Varina Davis was a “stand by your man” kind of woman, in the mold of Elizabeth Custer. History remembers Robert E. Lee as a man whose performance, even in defeat, was way beyond what could have been expected considering the strategic disadvantages. Few have credited Jefferson Davis with outperforming his circumstances. Nonetheless, he was always Varina’s hero, which is seen in her biography Jefferson Davis. Ex-President of the Confederate States. A Memoir. By His Wife. It was published in 1890, the year after he died. Jefferson Davis was a reluctant secessionist. He had served the United States as Secretary of War and was a U.S. Senator from Mississippi when the break came. However, once it came, he handed in his resignation to the Senate and was selected the one and only President of the Confederate States of America. Despite his earlier reluctance, he remained a defender of the Confederacy and the right to secede for the rest of his life. Item 333. $200.

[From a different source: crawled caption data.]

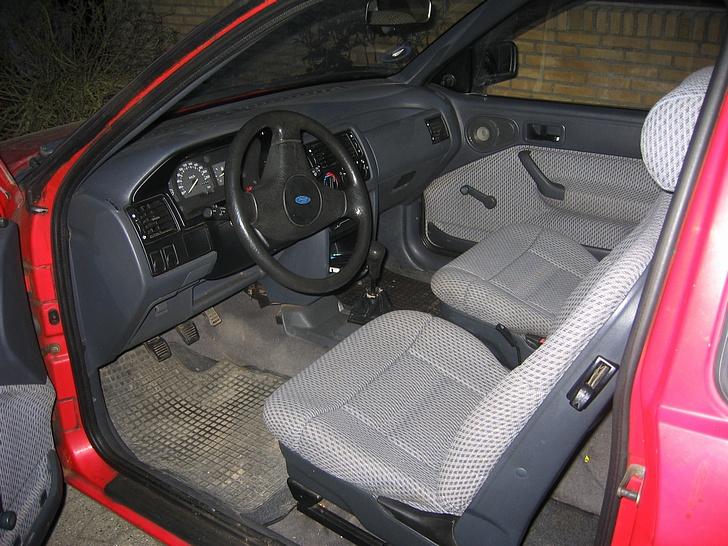Ford escort 1.6(solgt)lortebil - der er den lige kommet hjem, fra kbh hvor den blev købt:) bemærk at den er beskidt! billede 4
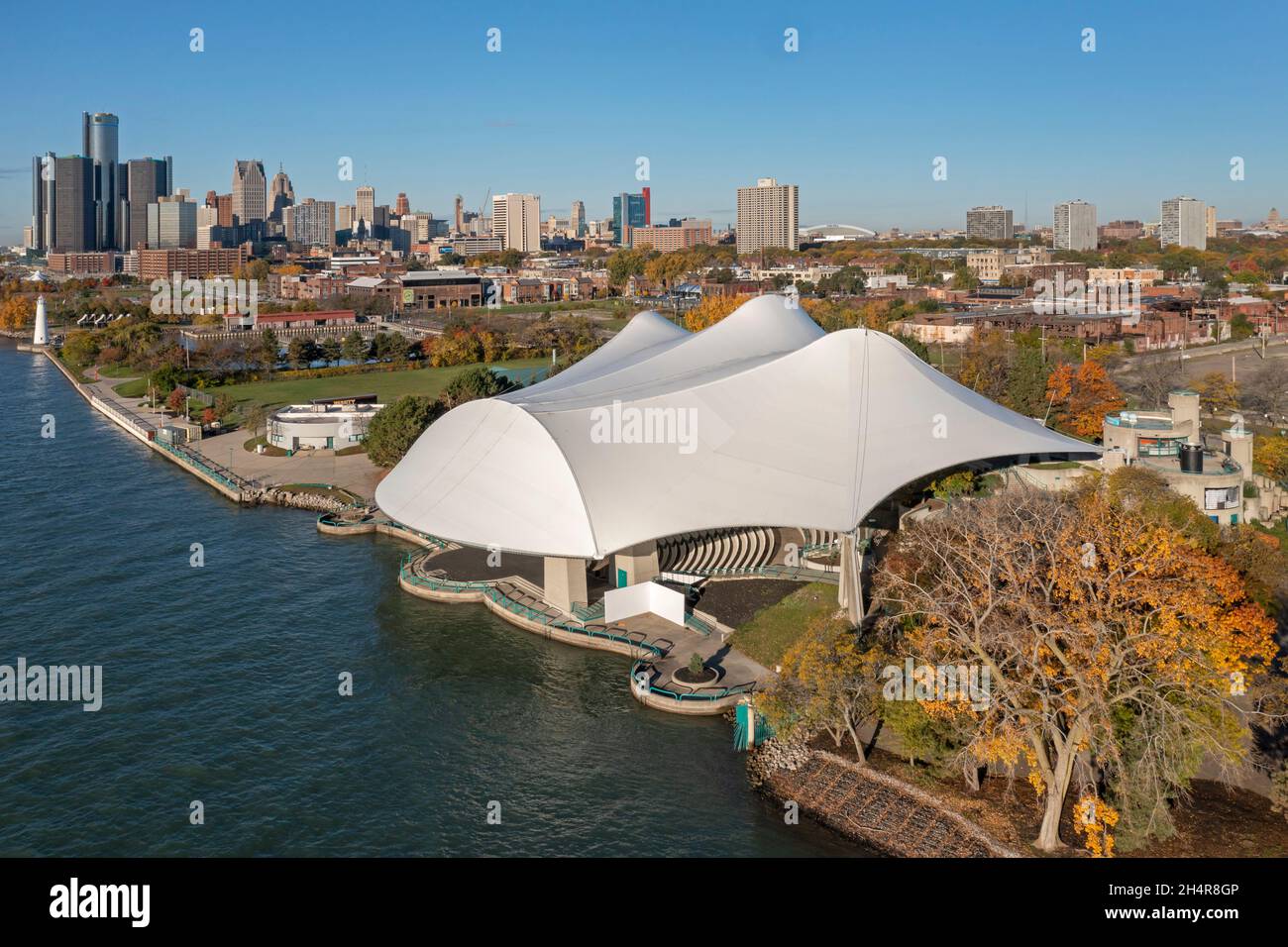 Detroit, Michigan - das Aretha Franklin Amphitheater am Detroit River in der Nähe der Innenstadt. Der beliebte Konzertsaal, der der Stadt Detroit gehört, hat Stockfoto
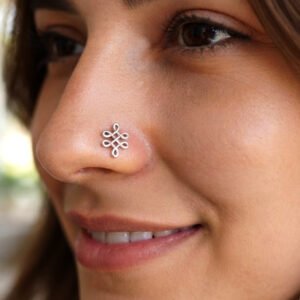 ring type nose pin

Jefferson Davis wrote his own account of the Confederacy, though obviously a little earlier than Varina’s biography. It is titled The Rise and Fall of the Confederate Government, and it was published in 1881, in New York of all places. In it, Davis argues for a lost cause, the legitimacy of secession and the Confederate Government. Too little, too late. This copy belonged to John Wise, son of a Confederate general, and the man who rode through enemy lines to bring Davis the final bad news, that Lee was about to surrender. Davis wrote that Wise “…had mounted his fleet horse, and, escaping through and from the enemy’s cavalry, some of whom pursued him, had come quite alone to warn me of the approaching event.” Wise notes, “President Davis’ recollection of my visit is inaccurate to the extent that he forgot I bore him a dispatch from Gen. Lee.” Davis used the news to hightail it south, some say dressed as a woman, in an attempt to flee to Mexico. He was captured. Item 345. $3,000.
Sometimes, a book’s title can reveal the sentiments of its author. Item 29 is Official Report Relative to the Conduct of Federal Troops in Western Louisiana, during the Invasions of 1863 and 1864. It is hard to “invade” your own country. Author Henry Watkins Allen obviously viewed the South as an independent country, the Confederacy legitimate. That is not surprising. Allen was a Confederate general and the last Confederate Governor of Louisiana. Not surprisingly, he found the Union troops’ behavior wanting. He describes his report as an account of “the atrocities and barbarities committed by the Federal officers, troops, and camp followers…” As Federal troops bore down on him, Allen hightailed it to Mexico, where he died a year later. $400.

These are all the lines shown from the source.